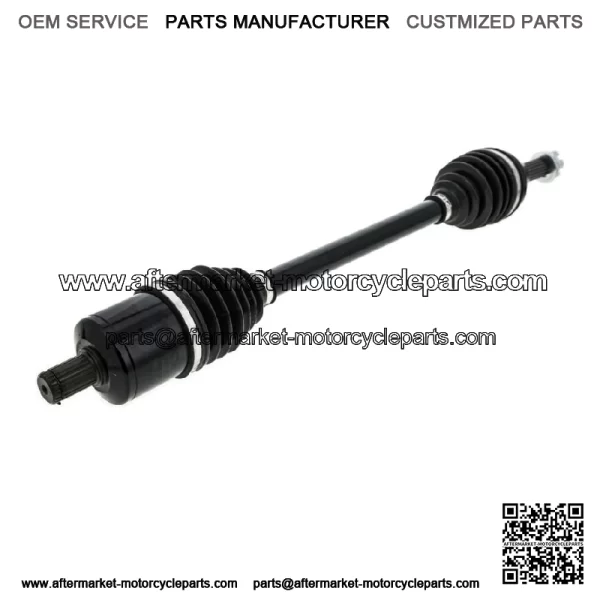 Front CV Axle Half Drive Shaft for Polaris Ranger 570 Crew 1336966 UTV - Image 2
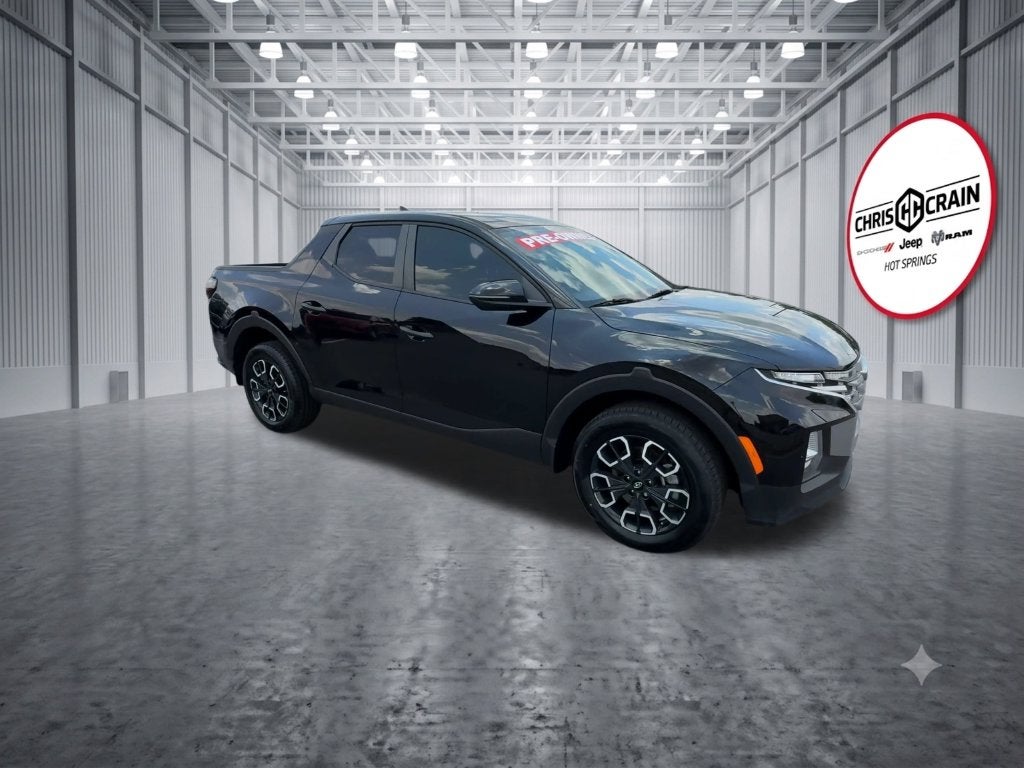 2023 Hyundai SANTA CRUZ SEL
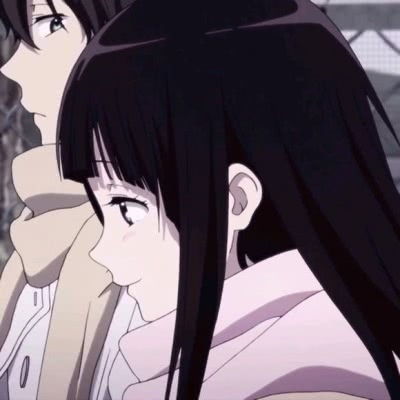  情侣头像精选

**Your task**
Please ensure that the data above is repeated exactly, with no pictures in the copy.

**Exercise response**
 Front CV Axle Half Drive Shaft for Polaris Ranger 570 Crew 1336966 UTV - Image 2
 2023 Hyundai SANTA CRUZ SEL
  情侣头像精选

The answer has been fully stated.